1.2. Planificación de los medios de detección y lucha contra incendios

  1. Según las características de la obra, las dimensiones y el uso de las zonas de trabajo o locales existentes, los equipos de trabajo y las máquinas presentes en la obra, las características físicas y químicas de las sustancias o materiales que se encuentren presentes, así como el número máximo de personas que puedan localizarse en los mismos, se debe prever un número suficiente de dispositivos apropiados de lucha contra incendios y, si fuera necesario, de detectores de incendios y de sistemas de alarma.
  2. Además de la evacuación del personal, han de planificarse los medios de lucha contra el fuego de forma que actúen lo antes posible una vez detectado el lugar del incendio.
  3. Es preciso elaborar un mapa de zonas de riesgo de incendio y explosión, así como dotar a las mismas de los equipos necesarios:
  1. Dichos dispositivos de lucha contra incendios y sistemas de alarma deben verificarse y mantenerse con regularidad. Han de realizarse, a intervalos regulares, pruebas y ejercicios adecuados. En este sentido:
  1. Los dispositivos no automáticos de lucha contra incendios deben ser de fácil acceso y manipulación. Estos dispositivos son: extintores, bocas de incendio equipadas (BIE), hidrantes de incendios, monitores y columnas secas. Dado que el accionamiento de éstos es manual se ha de garantizar una vía de acceso a los mismos libre de obstáculos. Dichos dispositivos tienen que ser fácilmente localizables. Han de estar señalizados conforme a lo establecido en el Real Decreto 485/1997, sobre disposiciones mínimas en materia de señalización de seguridad y salud en el trabajo. Esta señalización debe fijarse en los lugares adecuados y tener la resistencia suficiente, así como ser visible en todo momento.
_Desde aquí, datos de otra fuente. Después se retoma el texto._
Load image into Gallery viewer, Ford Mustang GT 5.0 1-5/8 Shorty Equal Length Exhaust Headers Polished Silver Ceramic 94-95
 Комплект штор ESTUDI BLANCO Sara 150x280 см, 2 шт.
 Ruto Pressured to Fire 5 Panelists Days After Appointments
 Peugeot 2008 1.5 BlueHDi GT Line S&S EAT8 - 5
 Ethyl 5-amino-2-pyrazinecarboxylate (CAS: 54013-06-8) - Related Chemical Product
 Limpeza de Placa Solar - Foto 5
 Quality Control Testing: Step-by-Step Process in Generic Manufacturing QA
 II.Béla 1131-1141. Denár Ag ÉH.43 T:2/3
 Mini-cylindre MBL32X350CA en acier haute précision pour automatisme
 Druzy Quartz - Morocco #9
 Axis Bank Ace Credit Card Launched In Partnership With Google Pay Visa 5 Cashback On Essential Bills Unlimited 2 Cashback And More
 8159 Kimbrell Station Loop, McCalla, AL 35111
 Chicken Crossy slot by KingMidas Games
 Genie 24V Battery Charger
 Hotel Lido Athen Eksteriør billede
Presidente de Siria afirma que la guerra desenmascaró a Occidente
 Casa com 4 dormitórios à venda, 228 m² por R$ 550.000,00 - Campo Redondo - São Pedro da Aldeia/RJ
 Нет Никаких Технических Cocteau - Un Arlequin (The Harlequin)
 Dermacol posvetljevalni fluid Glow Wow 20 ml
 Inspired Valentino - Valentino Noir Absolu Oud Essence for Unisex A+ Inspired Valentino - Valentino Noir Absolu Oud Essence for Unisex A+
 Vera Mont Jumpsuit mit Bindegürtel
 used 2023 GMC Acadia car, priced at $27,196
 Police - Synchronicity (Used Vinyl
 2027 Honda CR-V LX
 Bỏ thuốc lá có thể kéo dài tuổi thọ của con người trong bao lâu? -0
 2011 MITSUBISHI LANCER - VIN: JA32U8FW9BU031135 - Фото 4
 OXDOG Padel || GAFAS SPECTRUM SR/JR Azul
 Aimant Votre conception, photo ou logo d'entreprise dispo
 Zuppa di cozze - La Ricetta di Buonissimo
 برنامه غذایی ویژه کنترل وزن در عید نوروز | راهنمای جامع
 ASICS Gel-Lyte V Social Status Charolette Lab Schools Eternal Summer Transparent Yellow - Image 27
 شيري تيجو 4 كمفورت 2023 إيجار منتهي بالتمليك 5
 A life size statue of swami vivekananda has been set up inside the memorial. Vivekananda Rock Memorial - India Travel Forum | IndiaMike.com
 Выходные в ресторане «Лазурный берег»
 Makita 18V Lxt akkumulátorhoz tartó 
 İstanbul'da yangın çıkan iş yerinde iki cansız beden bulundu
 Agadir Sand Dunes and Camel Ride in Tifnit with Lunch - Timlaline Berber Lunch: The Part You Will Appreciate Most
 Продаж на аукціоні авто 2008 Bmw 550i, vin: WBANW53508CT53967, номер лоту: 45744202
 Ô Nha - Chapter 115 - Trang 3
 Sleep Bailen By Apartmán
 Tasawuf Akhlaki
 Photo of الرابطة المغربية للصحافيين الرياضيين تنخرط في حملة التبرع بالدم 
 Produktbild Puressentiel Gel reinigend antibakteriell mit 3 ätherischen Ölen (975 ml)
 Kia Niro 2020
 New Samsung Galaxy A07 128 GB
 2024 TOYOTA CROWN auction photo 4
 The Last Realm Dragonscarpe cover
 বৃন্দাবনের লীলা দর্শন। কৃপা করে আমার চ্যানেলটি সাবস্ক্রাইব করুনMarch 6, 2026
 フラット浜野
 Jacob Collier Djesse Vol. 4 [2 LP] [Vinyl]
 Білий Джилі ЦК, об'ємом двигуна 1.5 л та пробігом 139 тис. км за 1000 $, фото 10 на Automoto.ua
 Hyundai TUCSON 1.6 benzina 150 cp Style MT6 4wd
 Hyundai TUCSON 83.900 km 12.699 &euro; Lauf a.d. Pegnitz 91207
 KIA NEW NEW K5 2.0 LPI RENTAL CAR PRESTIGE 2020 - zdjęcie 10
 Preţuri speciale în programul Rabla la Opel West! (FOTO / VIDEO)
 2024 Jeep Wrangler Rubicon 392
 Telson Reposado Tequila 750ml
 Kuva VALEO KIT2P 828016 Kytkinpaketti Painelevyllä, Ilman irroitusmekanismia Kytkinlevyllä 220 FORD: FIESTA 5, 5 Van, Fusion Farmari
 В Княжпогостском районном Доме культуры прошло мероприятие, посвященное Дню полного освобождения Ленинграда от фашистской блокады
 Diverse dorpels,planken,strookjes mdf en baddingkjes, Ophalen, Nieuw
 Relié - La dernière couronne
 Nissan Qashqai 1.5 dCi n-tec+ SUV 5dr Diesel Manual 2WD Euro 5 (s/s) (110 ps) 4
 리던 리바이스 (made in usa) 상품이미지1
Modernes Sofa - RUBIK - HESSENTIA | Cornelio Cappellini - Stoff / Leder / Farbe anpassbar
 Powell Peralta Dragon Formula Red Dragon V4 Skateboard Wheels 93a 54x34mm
En este sentido, han de disponer de fuentes luminosas incorporadas externa o internamente, o ser fotoluminiscentes, de tal modo que, ante un fallo del alumbrado normal, quede garantizada la visibilidad de la misma.
  1. Se debe asegurar que las máquinas de movimiento de tierra, los camiones y vehículos de la obra estén equipados con extintores portátiles.
  2. Se ha de garantizar, en caso necesario, la accesibilidad a toda zona de trabajo de los equipos de extinción y, en su caso, de los bomberos para facilitar los trabajos y tareas de extinción.
  3. En las excavaciones, pozos, trabajos subterráneos o túneles deben tomarse las precauciones adecuadas que minimicen el riesgo de explosión, sobre todo, en proximidades de conducciones de gas, conducciones o almacenes combustibles, así como terrenos que puedan contener en el subsuelo bolsas de otro tipo de gases combustible. Se ha de equipar la zona de trabajo con aparatos portátiles de detección de gases combustibles, de funcionamiento continuo y equipados con una prealarma acústica calibrada al 20 % del límite inferior de explosión.
  4. En las zonas de trabajo identificadas con riesgo de incendio y explosión, como mínimo se debe: restringir el acceso a las mismas mediante un vallado perimetral, señalizar adecuadamente y planificar los trabajos de manera que no se utilicen herramientas, máquinas o equipos de trabajo que puedan ser fuente de ignición o combustión.
  5. Las zonas de almacenamiento de combustible han de estar debidamente señalizadas y dotadas de los medios de extinción de incendios adecuados. Asimismo, deben estar convenientemente alejadas de otras instalaciones, especialmente de las higiénico-sanitarias y de bienestar.
  6. En cualquier caso, respecto a la planificación,  elección y utilización de los medios contra incendios, se ha de considerar lo determinado en los distintos Documentos Básicos y sus respectivas Secciones (en su apartado “Acciones frente al riego de incendio y explosión”) del presente CTPE.
1.3. Elección y mantenimiento de los medios contra incendios

Tanto los dispositivos de lucha contra incendios, como los detectores de incendios y sistemas de alarma deben cumplir los requisitos establecidos en el Real Decreto 1942/1993, por el que se aprueba el reglamento de instalaciones de protección contra incendios (RIPCI).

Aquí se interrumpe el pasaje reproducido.